# Problem statement
Would you give the entries again word for word, with no pictures in the copy?

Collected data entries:
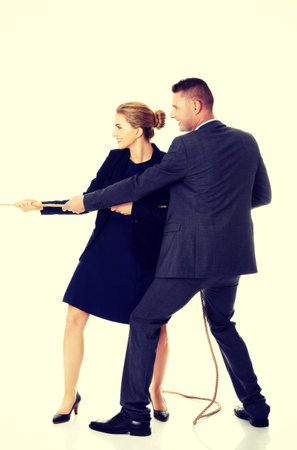 Business partners supporting each other by draging a ropeの写真素材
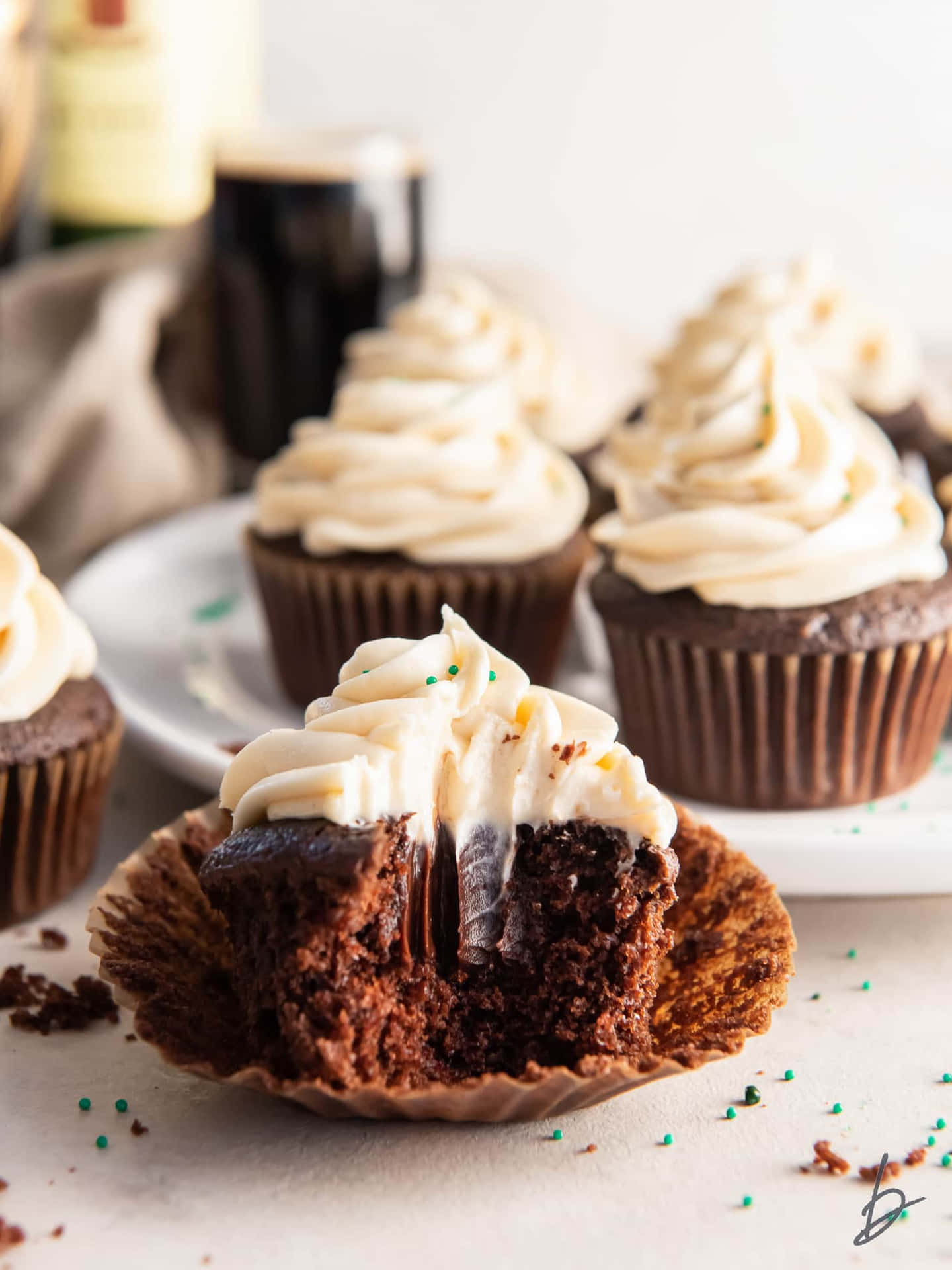Irish Cream Cupcakes With A Bite Taken Out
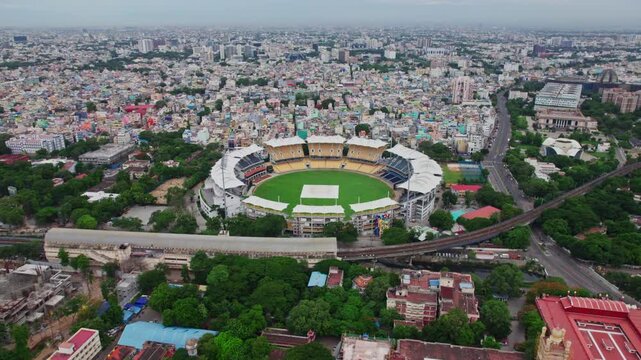 Chepauk railway station with cricket stadium and crowded residential buildings at wallahjah road, chepauk, triplicane, chennai, tamil nadu, india. day time, push in, tilt up, drone shot, 4k.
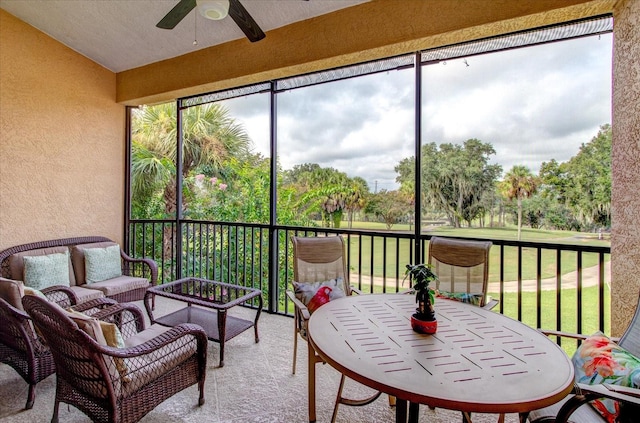 sunroom with ceiling fan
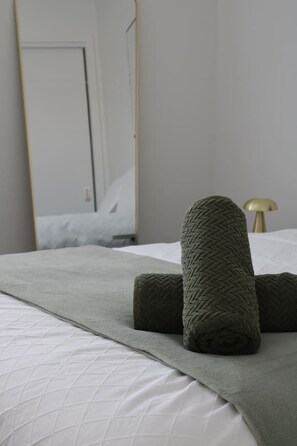 Een bed met een wit gewatteerde deken, een grijze plaid en twee opgerolde grijze dekens.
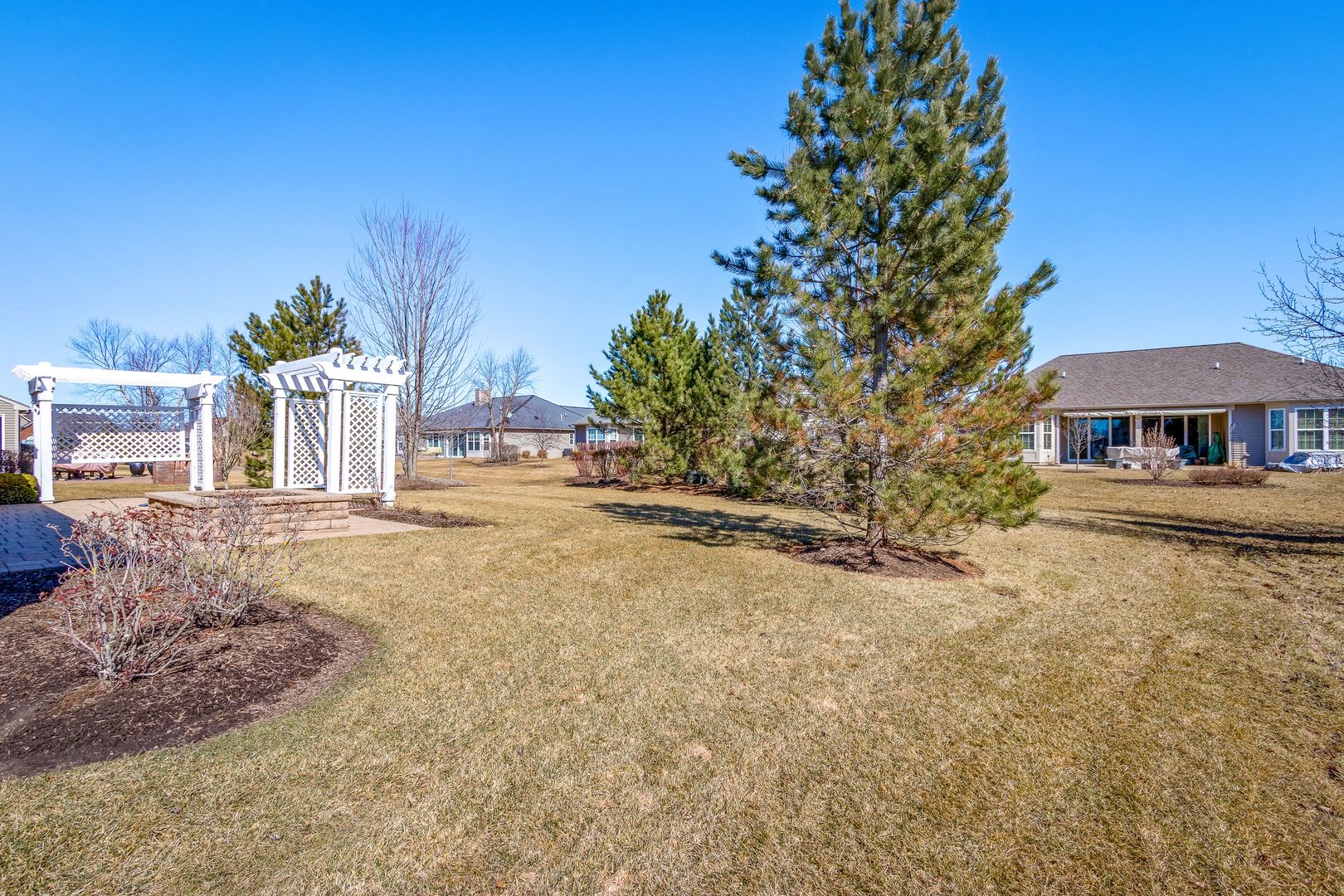 12614 Raintree Path Huntley, IL 60142 - Photo 4 of 28 a front view of a house with a yard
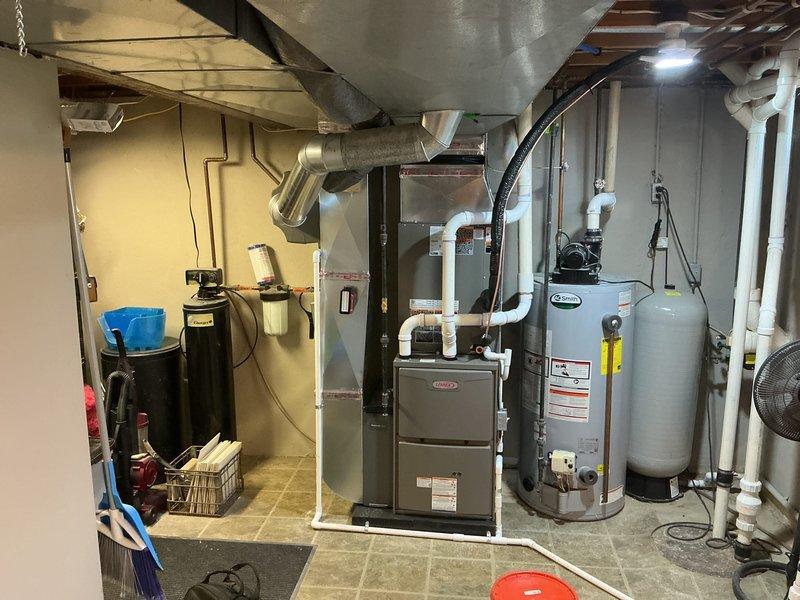 Completed full HVAC system installation including new gas furnace in basement mechanical room and outdoor condensing unit. Installed furnace with proper PVC venting routed upward, connected to existing ductwork system, and positioned unit adjacent to water heater. Installed outdoor condensing unit on pad with river rock base, ran refrigerant lines and electrical conduit to exterior wall penetration, and connected system components for complete heating and cooling operation.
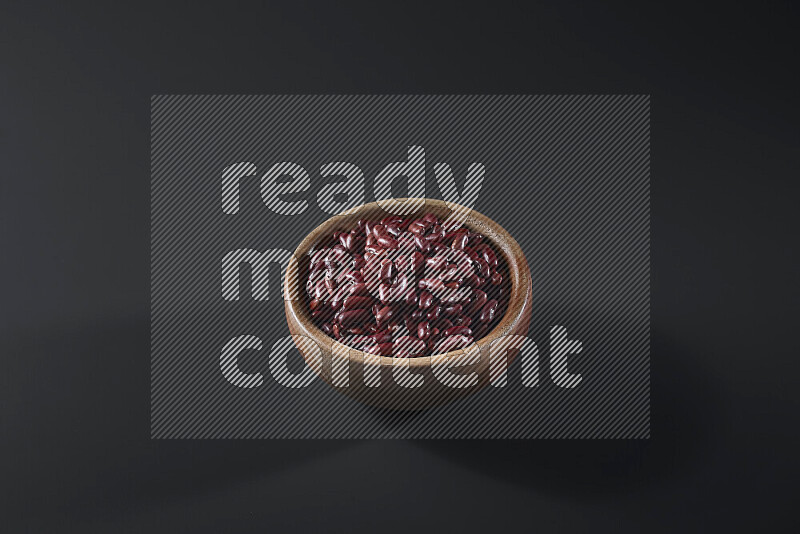 Red kidney beans in a wooden bowl on grey background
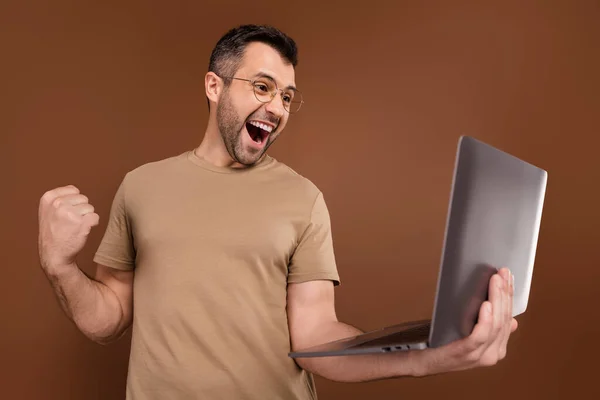 Foto portret brunet man in pastel t-shirt houden laptop gebaren als winnaar geïsoleerde bruine kleur achtergrond — Stockfoto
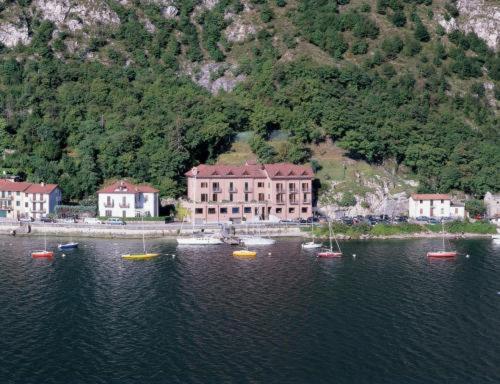 a group of boats in the water in front of a building at Hotel Bellavista in Valmadrera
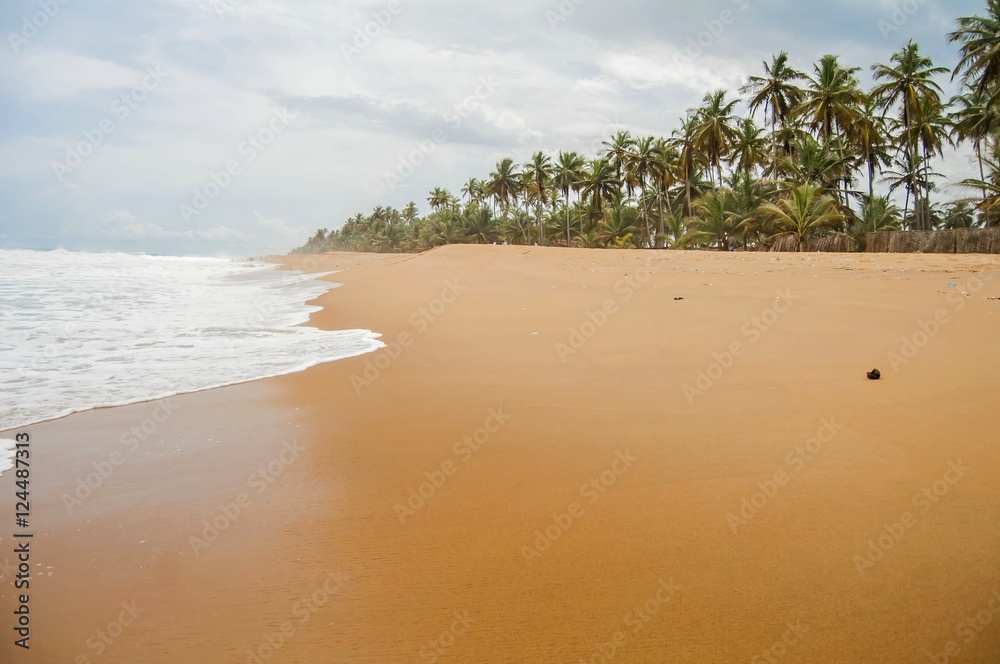 Naklejka premium Tropical Azuretti beach on the Atlantic ocean coast in Grand Bassam, stock image. Ivory Coast, Africa. April 2013.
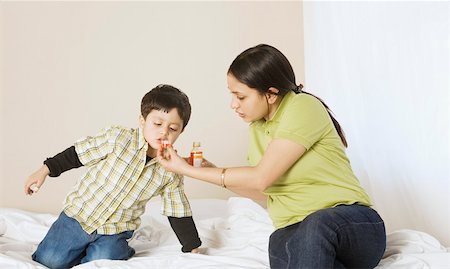 Close-up of a young woman giving medicine to her son Stock Photo - Premium Royalty-Free, Code: 630-02220612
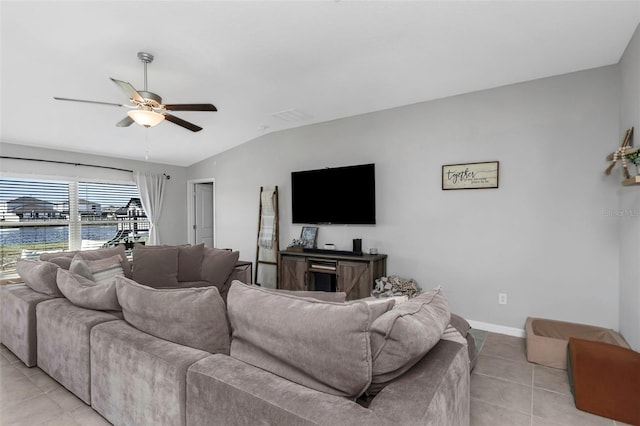 living room featuring light tile patterned floors, baseboards, ceiling fan, a water view, and vaulted ceiling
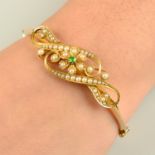 An early 20th century 15ct gold demantoid garnet and split pearl floral hinged bangle.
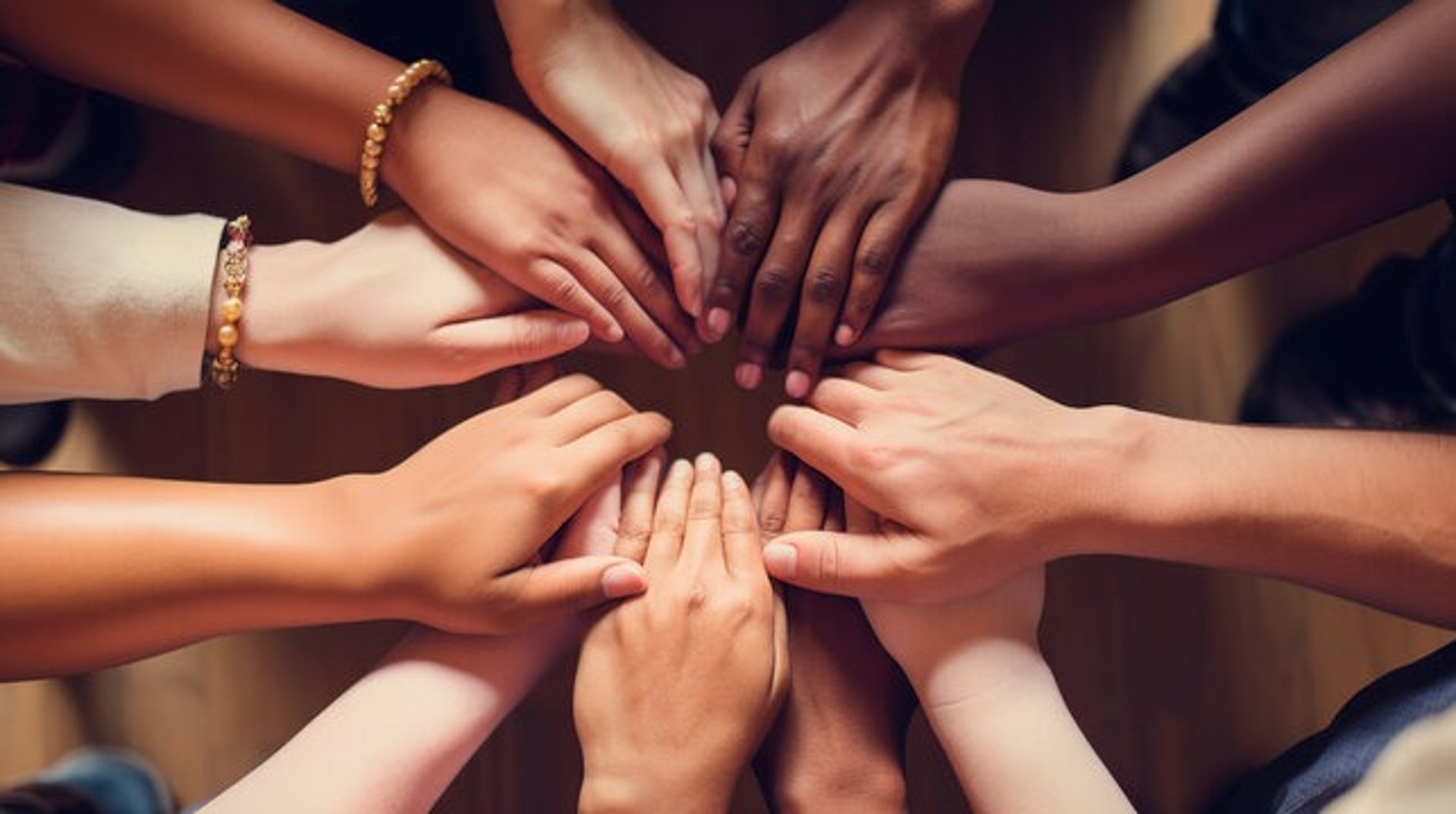 person raising his right hand under blue sky and white clouds during daytime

# Answer area
 Business partners supporting each other by draging a ropeの写真素材
Irish Cream Cupcakes With A Bite Taken Out
 Chepauk railway station with cricket stadium and crowded residential buildings at wallahjah road, chepauk, triplicane, chennai, tamil nadu, india. day time, push in, tilt up, drone shot, 4k.
 sunroom with ceiling fan
 Een bed met een wit gewatteerde deken, een grijze plaid en twee opgerolde grijze dekens.
 12614 Raintree Path Huntley, IL 60142 - Photo 4 of 28 a front view of a house with a yard
 Completed full HVAC system installation including new gas furnace in basement mechanical room and outdoor condensing unit. Installed furnace with proper PVC venting routed upward, connected to existing ductwork system, and positioned unit adjacent to water heater. Installed outdoor condensing unit on pad with river rock base, ran refrigerant lines and electrical conduit to exterior wall penetration, and connected system components for complete heating and cooling operation.
 Red kidney beans in a wooden bowl on grey background
 Foto portret brunet man in pastel t-shirt houden laptop gebaren als winnaar geïsoleerde bruine kleur achtergrond — Stockfoto
 a group of boats in the water in front of a building at Hotel Bellavista in Valmadrera
 Naklejka premium Tropical Azuretti beach on the Atlantic ocean coast in Grand Bassam, stock image. Ivory Coast, Africa. April 2013.
 Close-up of a young woman giving medicine to her son Stock Photo - Premium Royalty-Free, Code: 630-02220612
 living room featuring light tile patterned floors, baseboards, ceiling fan, a water view, and vaulted ceiling
 An early 20th century 15ct gold demantoid garnet and split pearl floral hinged bangle.
 person raising his right hand under blue sky and white clouds during daytime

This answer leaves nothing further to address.